Collection entries
--- START ---
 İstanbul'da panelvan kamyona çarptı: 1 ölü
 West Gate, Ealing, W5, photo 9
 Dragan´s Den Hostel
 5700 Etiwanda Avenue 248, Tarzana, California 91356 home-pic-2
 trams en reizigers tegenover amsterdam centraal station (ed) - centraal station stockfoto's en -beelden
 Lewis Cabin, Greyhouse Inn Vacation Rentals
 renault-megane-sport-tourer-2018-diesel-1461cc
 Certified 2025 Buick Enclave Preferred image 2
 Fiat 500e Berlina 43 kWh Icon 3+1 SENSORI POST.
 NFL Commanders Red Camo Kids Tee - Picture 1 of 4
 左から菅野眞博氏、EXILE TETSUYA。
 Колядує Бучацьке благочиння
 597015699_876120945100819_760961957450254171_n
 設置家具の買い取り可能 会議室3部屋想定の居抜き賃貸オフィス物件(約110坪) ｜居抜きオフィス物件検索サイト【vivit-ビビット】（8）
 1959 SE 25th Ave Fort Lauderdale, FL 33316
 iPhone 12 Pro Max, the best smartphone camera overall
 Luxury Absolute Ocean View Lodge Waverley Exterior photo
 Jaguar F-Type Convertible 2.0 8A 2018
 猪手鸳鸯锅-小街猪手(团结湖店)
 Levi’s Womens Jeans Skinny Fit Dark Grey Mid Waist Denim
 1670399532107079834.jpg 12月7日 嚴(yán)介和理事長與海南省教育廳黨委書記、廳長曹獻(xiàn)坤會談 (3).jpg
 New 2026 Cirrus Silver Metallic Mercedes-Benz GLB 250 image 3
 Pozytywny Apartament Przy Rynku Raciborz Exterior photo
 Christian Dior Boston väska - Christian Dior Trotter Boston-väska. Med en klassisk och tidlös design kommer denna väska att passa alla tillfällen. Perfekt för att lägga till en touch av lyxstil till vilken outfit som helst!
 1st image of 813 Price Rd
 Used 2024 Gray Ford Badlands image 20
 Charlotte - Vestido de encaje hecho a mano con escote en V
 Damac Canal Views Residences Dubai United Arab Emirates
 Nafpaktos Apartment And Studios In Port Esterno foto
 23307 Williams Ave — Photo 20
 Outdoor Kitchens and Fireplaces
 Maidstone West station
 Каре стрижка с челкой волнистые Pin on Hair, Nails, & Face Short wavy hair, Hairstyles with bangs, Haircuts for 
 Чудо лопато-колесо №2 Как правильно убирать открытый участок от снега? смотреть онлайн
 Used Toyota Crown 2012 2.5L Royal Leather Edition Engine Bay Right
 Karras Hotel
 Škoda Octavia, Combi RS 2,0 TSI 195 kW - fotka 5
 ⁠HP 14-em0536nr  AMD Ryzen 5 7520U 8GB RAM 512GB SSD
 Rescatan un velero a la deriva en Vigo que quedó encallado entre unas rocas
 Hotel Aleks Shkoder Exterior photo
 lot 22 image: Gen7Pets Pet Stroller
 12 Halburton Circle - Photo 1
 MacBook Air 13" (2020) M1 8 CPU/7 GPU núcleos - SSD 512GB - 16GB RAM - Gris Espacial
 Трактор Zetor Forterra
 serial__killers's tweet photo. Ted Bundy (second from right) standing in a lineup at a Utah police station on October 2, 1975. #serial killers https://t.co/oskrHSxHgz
--- END ---
_EXERCISE_
Of the lines above, output exactly those from the line bearing "1959 SE 25th Ave Fort Lauderdale, FL 33316" through the line bearing "Трактор Zetor Forterra", inclusive.

_YOUR SOLUTION_
 1959 SE 25th Ave Fort Lauderdale, FL 33316
 iPhone 12 Pro Max, the best smartphone camera overall
 Luxury Absolute Ocean View Lodge Waverley Exterior photo
 Jaguar F-Type Convertible 2.0 8A 2018
 猪手鸳鸯锅-小街猪手(团结湖店)
 Levi’s Womens Jeans Skinny Fit Dark Grey Mid Waist Denim
 1670399532107079834.jpg 12月7日 嚴(yán)介和理事長與海南省教育廳黨委書記、廳長曹獻(xiàn)坤會談 (3).jpg
 New 2026 Cirrus Silver Metallic Mercedes-Benz GLB 250 image 3
 Pozytywny Apartament Przy Rynku Raciborz Exterior photo
 Christian Dior Boston väska - Christian Dior Trotter Boston-väska. Med en klassisk och tidlös design kommer denna väska att passa alla tillfällen. Perfekt för att lägga till en touch av lyxstil till vilken outfit som helst!
 1st image of 813 Price Rd
 Used 2024 Gray Ford Badlands image 20
 Charlotte - Vestido de encaje hecho a mano con escote en V
 Damac Canal Views Residences Dubai United Arab Emirates
 Nafpaktos Apartment And Studios In Port Esterno foto
 23307 Williams Ave — Photo 20
 Outdoor Kitchens and Fireplaces
 Maidstone West station
 Каре стрижка с челкой волнистые Pin on Hair, Nails, & Face Short wavy hair, Hairstyles with bangs, Haircuts for 
 Чудо лопато-колесо №2 Как правильно убирать открытый участок от снега? смотреть онлайн
 Used Toyota Crown 2012 2.5L Royal Leather Edition Engine Bay Right
 Karras Hotel
 Škoda Octavia, Combi RS 2,0 TSI 195 kW - fotka 5
 ⁠HP 14-em0536nr  AMD Ryzen 5 7520U 8GB RAM 512GB SSD
 Rescatan un velero a la deriva en Vigo que quedó encallado entre unas rocas
 Hotel Aleks Shkoder Exterior photo
 lot 22 image: Gen7Pets Pet Stroller
 12 Halburton Circle - Photo 1
 MacBook Air 13" (2020) M1 8 CPU/7 GPU núcleos - SSD 512GB - 16GB RAM - Gris Espacial
 Трактор Zetor Forterra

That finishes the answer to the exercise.